That afternoon, after due ceremony, the door was closed and locked and Doc Macnooder inducted into an easy chair. Skippy producing the Bible said firmly: [32]

"Doc, you've got to take the oath; never to reveal to man, woman—"

"But I'm a Unitarian," said Macnooder, examining the St. James version.

The point was debated and passed over. Snorky then produced a formidable document tied in green ribbons with large wax seals, stamped with a cameo stick-pin.

"You'll have to sign this, too."

"Sign what?"

Snorky read rapidly:

"I, Doc Macnooder, in my third form year, Lawrenceville, New Jersey, hereby testify that on this date, the 12th day of April, 1896, the information written on the back of the present sheet of paper was communicated to me by John C. Bedelle, the rightful and lawful inventor, and the document does hereby establish all his rights. Signed—"

"Yes, but what's on the other side?" said Macnooder, with rising curiosity.

"That can only be communicated to you after your signature."

Macnooder was wary, but Macnooder was inquisitive. He rubbed his chin thoughtfully and considered.

"Is Dink Stover in this, or the Tennessee Shad?" he asked cautiously.

"Not a soul besides us two has the slightest suspicion."

"All right then—I'll sign." [33]

"Skippy, you tell—" said Snorky Green generously, "the glory is yours."

"It's an invention that's got to do with a bathtub, with all bathtubs," said Skippy, with a sudden faintness of confidence before the professional agnosticism which Macnooder, the man of affairs, now assumed by crossing his legs and donning a large horn-rimmed pair of spectacles.

"The word is bathtub ," said Macnooder, who not to appear too eager dug a knife from his pocket and carefully whittled at the end of his pencil.

"It's a foot regulator!"

"Aha!" said Macnooder, who didn't understand at all.

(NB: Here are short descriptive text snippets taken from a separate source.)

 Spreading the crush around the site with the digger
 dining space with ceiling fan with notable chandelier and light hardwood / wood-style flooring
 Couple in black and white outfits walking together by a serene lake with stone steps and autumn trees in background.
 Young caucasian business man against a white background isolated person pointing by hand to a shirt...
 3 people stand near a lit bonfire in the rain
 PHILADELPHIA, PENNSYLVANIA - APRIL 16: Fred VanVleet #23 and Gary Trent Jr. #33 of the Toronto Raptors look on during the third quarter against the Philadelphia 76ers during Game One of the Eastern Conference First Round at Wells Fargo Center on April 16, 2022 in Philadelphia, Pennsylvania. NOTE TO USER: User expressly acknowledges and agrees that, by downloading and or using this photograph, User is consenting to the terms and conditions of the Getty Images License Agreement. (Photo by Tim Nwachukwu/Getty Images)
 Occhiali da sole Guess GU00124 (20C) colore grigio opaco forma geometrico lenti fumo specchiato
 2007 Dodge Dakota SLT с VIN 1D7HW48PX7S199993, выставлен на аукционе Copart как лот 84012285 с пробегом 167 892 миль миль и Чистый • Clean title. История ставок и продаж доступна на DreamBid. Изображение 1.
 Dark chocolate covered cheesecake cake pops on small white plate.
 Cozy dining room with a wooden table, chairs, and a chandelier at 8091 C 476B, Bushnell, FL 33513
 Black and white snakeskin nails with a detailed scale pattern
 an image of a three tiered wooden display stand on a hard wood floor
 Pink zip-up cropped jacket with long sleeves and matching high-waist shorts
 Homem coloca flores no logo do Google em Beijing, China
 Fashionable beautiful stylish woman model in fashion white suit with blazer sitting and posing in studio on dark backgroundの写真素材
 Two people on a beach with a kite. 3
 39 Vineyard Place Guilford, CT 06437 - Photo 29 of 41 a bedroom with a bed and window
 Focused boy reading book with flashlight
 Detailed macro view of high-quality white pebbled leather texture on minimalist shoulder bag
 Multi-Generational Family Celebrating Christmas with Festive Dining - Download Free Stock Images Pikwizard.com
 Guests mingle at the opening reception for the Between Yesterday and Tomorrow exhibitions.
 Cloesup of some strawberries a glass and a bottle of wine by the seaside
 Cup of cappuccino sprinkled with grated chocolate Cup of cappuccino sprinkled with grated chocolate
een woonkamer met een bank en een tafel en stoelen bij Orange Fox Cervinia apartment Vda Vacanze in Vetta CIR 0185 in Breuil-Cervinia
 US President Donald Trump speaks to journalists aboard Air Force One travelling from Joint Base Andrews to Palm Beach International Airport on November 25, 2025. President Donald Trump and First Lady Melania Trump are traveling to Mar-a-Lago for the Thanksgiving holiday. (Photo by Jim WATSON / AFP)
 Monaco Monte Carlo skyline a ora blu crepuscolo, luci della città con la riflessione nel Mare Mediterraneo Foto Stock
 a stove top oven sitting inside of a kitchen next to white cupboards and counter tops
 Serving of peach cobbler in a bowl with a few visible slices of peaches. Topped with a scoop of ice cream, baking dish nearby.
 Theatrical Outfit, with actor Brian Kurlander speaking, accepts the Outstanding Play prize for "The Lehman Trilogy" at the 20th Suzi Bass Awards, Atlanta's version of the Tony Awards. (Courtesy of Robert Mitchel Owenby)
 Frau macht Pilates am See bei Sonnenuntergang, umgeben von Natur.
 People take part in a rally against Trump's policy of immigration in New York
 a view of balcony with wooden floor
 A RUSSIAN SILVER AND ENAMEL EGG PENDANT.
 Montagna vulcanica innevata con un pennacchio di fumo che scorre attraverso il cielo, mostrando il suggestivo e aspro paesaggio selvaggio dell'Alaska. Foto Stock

"You see, Doc, what's the matter with all the bathtubs of to-day," said Skippy, picking up courage, "your head's at one end and the faucets are at the other—and, that's an awful distance!"

"Good point!" said Macnooder, nodding.

"Now when you want to let in the cold water you've got to sit up, reach down and turn it on and that's cold and chilly and drafty as the mischief, isn't it?"

"That's a very strong point," said Macnooder, who began to see.

"Now, if you could only turn the faucets with your toes, you could lie quietly under the hot water, couldn't you?. . . But you can't—but you could if you had foot regulators. And [34] isn't it the simplest thing in the world to have foot regulators? Only no one has ever thought of it before?"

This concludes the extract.